Thank you for your comment to my recent post.  It sent me on a hunt for information.  You obviously know your railroads and trains!   I've taken a new interest in the various trains, freight and passenger, that I see chug past my home here in Fernley!    When I was a girl, that sound meant the potential of freedom, of seeing places beyond the rugged mountains of Utah.  I didn't know then how much I would miss those high places, rattle snakes, bears, deer, mountain lions and all.

I am 65 and when I was a very little girl the train that is now the historic line you called the Heber Creeper was the Denver and Rio Grand Western RR.  It ran some kind of service from 1899 to 1967.  I was in the canyon off and on from 1950 to 1960. Anyway the Denver and Rio ran a service that connected Heber to Provo. Springdell is probably 6 miles up the canyon and well south of Bridal Falls.  When I was young six miles might have been a million for all I knew.  My cousins, friends and I were little Mountain Rats. My grandparents owned a home in Springdell and my younger sister and I would summer and even winter with them.  Lady Blue sometimes lived there with us when she was between marriages (six that we know of).   Any free moment found us outside roaming mountains, exploring the river, sneaking into Canyon Glen, finding horses to ride bare-back and of course, walking the railroad tracks.  We use to feel for the vibration of an on-coming train with our bare feet on the rails.  We placed pennies on the track and waited for the train to flatten them.  The flat penny was each kid's badge of honor and courage.  It was in this canyon that the older guys taught me how to track every manner of four legged animal.  My Dad appreciated the skill as he took his daughter deer hunting with him...I was the ringer.  I mentioned rattle snakes earlier.  We (the boys and I) collected the rattles as another badge of honor/courage and a kind of currency (a story for another time).  Now I respect rattle snakes and to this day can hear that rattle from a great distance - I no longer follow snake tracings in the sand, to shoot them :).   As an adult I leave them be and hope they will do the same.  Obviously I was a complete dyed in the wool tom-boy by the time I could run faster than Lady I would say by 5 years of age.   By the way,  I have a deep and abiding fear of water moccasins.  The Dell has a huge pond in it (to this day).  Kids for several generations have spent hot summer days swinging on a tree rope and dropping into the freezing spring water that filled the pond.  The down side...we used to see water moccasins swim there too.  Nothing could clear out the water faster than one of that snake!

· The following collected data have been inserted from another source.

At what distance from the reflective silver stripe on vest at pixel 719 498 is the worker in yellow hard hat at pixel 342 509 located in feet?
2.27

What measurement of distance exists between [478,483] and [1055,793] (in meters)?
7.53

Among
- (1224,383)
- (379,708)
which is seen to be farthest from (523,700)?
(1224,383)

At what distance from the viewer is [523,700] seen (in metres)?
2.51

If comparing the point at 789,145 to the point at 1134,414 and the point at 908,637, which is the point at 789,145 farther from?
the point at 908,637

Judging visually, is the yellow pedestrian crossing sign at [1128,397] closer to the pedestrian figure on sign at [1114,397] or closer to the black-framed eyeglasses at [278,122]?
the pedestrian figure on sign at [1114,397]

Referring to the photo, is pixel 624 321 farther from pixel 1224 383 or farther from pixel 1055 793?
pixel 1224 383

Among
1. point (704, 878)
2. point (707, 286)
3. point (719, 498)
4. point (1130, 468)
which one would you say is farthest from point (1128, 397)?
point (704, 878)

So that Sage is part of the story.  The vibration of train weight on tracks and the wail of the engine whistle, and yes, Brian the squeal of wheels and brakes...all (as with you) call me.  As trains roll by this little house, I can almost smell the Aspens mixed with the mint garden of a neighbor's in the Dell  and hear the night wind blow through Provo Canyon.  And yes Walking Man, it was a blessing to have that calm, safe, yet wild  place in my life.


Brian Miller said...

ah it is the same sounds that used to lull me to sleep as a child....even the squeel of the wheel tonguing the track...interesting...wonder which one it was that ran by my place....

the walking man said...

You had a fortunate childhood even if you did not live in the high country full time. Most of the trains passing close to us were carrying toxic chemicals and stunk like hell on wheels. Our sense of adventure was built in hanging round the alleys and empty (closed for the week end) small job shops that were all grouped in the same area so they could use the same shipping dock.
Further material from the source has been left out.